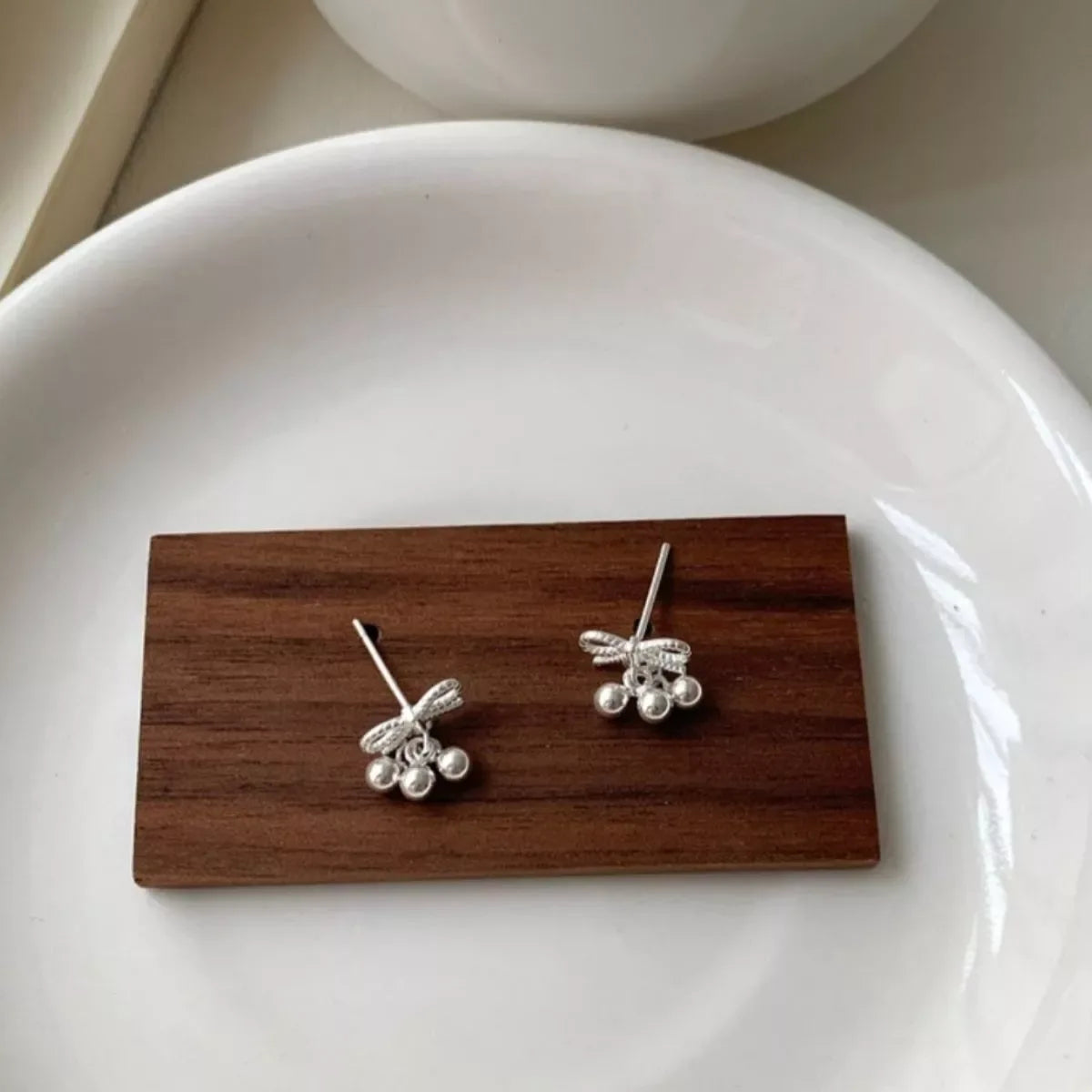 Bowknot Drop Earrings - Makw Official Site
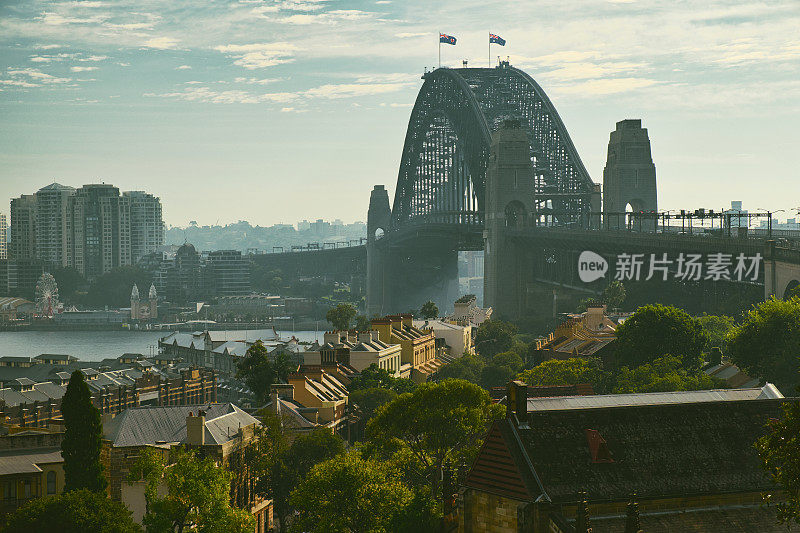 清晨的阳光和悉尼海港大桥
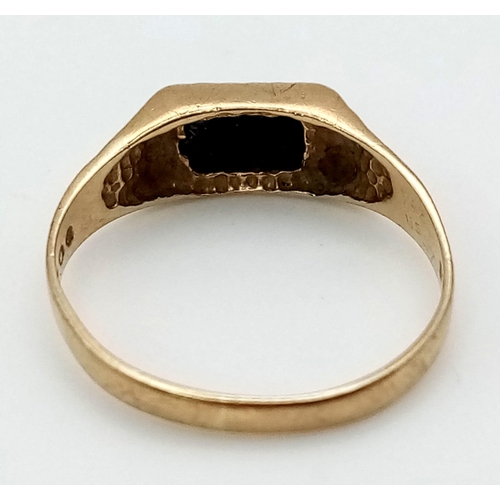 573 - A Vintage 9K Yellow Gold Ladies Onyx Signet Ring. Full Uk hallmark. Size J. 1.21g total weigt.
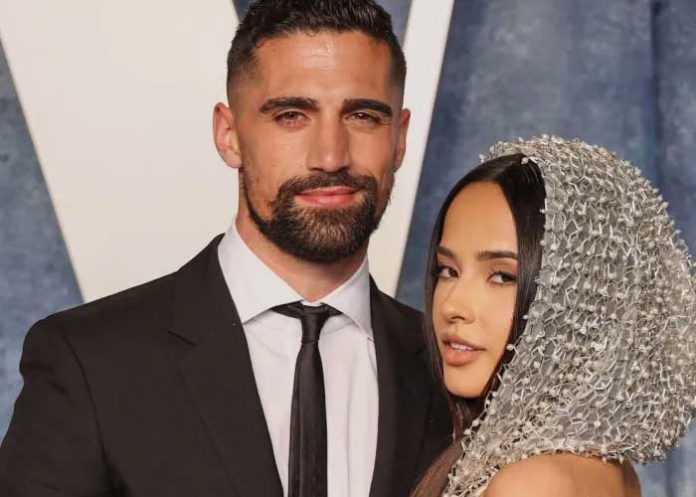 Novio de Becky G le habría puesto el cuerno con otra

########

REQUIRED ACTION:
Repeat the line containing "573 - A Vintage" and every line after it up to the end of the material above, exactly as they stand, minus the pictures.

ANSWER BOX:
 573 - A Vintage 9K Yellow Gold Ladies Onyx Signet Ring. Full Uk hallmark. Size J. 1.21g total weigt.
 Novio de Becky G le habría puesto el cuerno con otra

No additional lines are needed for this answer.